In the absence of an appropriate bias on the gate electrode, the conduction channel has a relatively high resistance of several hundred megohms. However, when an appropriate bias is applied to the gate electrode with respect to the bulk region to drive the transistor to the "ON" state, the conduction channel acquires a relatively low resistance. The "ON" state conduction channel resistance is inversely proportional to the ratio of the channel width, W, to the channel length, L. This ratio is commonly referred to as the channel aspect ratio and may be altered by changing either the channel width or the channel length. However, it is a common practice in integrated circuit design to fix the channel length, L, for all transistors in a given circuit. Therefore, the "ON" resistance of a transistor is normally altered by changing the conduction channel width, W.
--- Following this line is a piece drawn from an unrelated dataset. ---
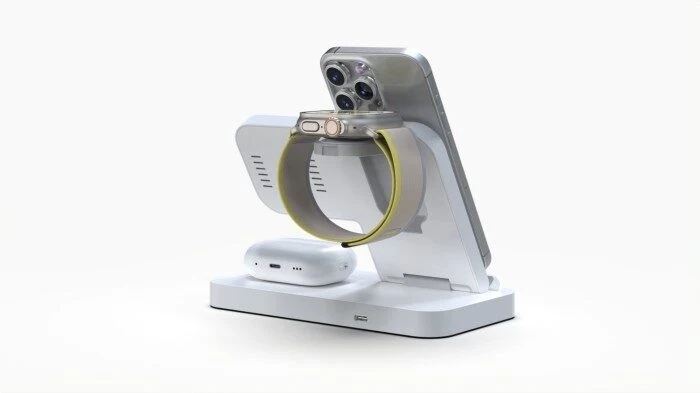 4-in-1 wireless charging stand with colock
Since the source and drain diffused regions 203 and 204 each form a pn junction with the bulk region, a parasitic junction capacitance with respect to the bulk region is associated with each of the source and drain electrodes. The value of the parasitic junction capacitance is proportional to the area of the respective diffused region. Normally, the widths of the source and drain diffused regions are both equal to the width of the conduction channel. Therefore, the parasitic source and drain junction capacitances of an IGFET are proportional to the conduction channel width of the IGFET.

Referring now to FIG. 3 there is shown a plan view of a layout 300 of the circuit of FIG. 1 according to the prior art. The polysilicon strips 301 through 307 serve as the gate electrodes of T1 through T7, respectively. The p-channel transistor T1 is formed over n-type bulk region while the n-channel transistors T2 through T7 are formed over p-type bulk region. The source electrode 308 of T1 is connected to a metal strip 309 which serves as the VDD supply voltage terminal. The source electrode 310 of T7 is connected to a metal strip 311 which serves as the VSS supply voltage terminal. The drain electrode 312 of T1 and the drain electrode 313 of T2 are both connected to a metal strip 314 which serves as the output terminal. The series connections among T2 through T7 are made by joining together the appropriate diffused source/drain regions of those transistors. Typically, T2 through T7 all have the same conduction channel width, W.
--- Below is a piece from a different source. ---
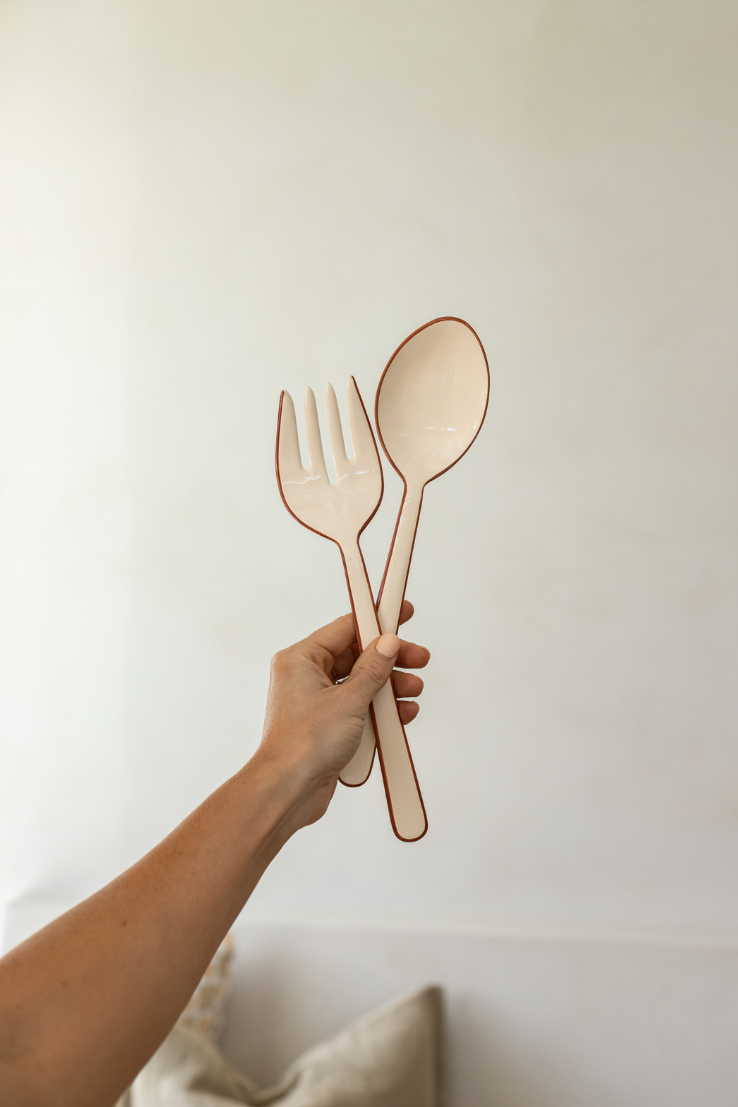 Enamel Salad Servers, Cream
As discussed above, owing to the relatively large number of transistors in the string, the switching delay of the circuit tends to be excessively long. A prior art technique for reducing the switching delay is to reduce the "ON" resistance of T2 through T7 by increasing their conduction channel widths, W. However, I have found that where the load capacitance on the output terminal of the circuit is of the same order of magnitude as (less than a factor of ten greater than) each of the parasitic capacitances at the source/drain junctures along the string, increasing the conduction channel widths of the transistors in the string uniformly by any amount produces little or no reduction in the switching delay of the circuit. Since in most integrated circuit applications the load capacitance, which comprises primarily the input capacitances of other circuits on the same chip, is of the same order of magnitude as any one of the parasitic capacitances on the junctures of the string, the prior art technique for reducing switching delay has little effect in such applications.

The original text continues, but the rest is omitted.